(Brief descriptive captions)

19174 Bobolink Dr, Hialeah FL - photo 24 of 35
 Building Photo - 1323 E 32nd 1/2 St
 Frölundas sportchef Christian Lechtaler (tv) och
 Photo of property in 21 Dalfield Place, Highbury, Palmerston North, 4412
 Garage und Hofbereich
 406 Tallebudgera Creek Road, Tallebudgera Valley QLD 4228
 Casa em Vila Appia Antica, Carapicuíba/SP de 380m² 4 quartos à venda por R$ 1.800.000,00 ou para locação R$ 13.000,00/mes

• _TASK GOAL_:
Go through the data above and transcribe every entry exactly.

• _OUTPUT FOR THIS EXERCISE_:
19174 Bobolink Dr, Hialeah FL - photo 24 of 35
 Building Photo - 1323 E 32nd 1/2 St
 Frölundas sportchef Christian Lechtaler (tv) och
 Photo of property in 21 Dalfield Place, Highbury, Palmerston North, 4412
 Garage und Hofbereich
 406 Tallebudgera Creek Road, Tallebudgera Valley QLD 4228
 Casa em Vila Appia Antica, Carapicuíba/SP de 380m² 4 quartos à venda por R$ 1.800.000,00 ou para locação R$ 13.000,00/mes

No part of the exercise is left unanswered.